ASSIGNMENT: Reproduce the data that follows in its entirety, character for character.

MATERIAL FOR THIS EXERCISE:
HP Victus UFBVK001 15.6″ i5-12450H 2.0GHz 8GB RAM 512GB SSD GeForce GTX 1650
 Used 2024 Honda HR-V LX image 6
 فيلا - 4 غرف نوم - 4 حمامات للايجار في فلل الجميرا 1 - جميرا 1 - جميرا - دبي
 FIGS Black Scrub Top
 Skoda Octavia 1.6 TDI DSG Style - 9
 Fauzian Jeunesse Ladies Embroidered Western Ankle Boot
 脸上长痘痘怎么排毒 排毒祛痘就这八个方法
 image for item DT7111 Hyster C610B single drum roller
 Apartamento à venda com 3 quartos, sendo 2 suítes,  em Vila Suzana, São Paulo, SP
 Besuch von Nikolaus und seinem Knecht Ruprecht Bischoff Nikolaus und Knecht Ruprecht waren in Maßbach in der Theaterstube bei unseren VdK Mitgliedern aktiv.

WRITTEN REPLY:
HP Victus UFBVK001 15.6″ i5-12450H 2.0GHz 8GB RAM 512GB SSD GeForce GTX 1650
 Used 2024 Honda HR-V LX image 6
 فيلا - 4 غرف نوم - 4 حمامات للايجار في فلل الجميرا 1 - جميرا 1 - جميرا - دبي
 FIGS Black Scrub Top
 Skoda Octavia 1.6 TDI DSG Style - 9
 Fauzian Jeunesse Ladies Embroidered Western Ankle Boot
 脸上长痘痘怎么排毒 排毒祛痘就这八个方法
 image for item DT7111 Hyster C610B single drum roller
 Apartamento à venda com 3 quartos, sendo 2 suítes,  em Vila Suzana, São Paulo, SP
 Besuch von Nikolaus und seinem Knecht Ruprecht Bischoff Nikolaus und Knecht Ruprecht waren in Maßbach in der Theaterstube bei unseren VdK Mitgliedern aktiv.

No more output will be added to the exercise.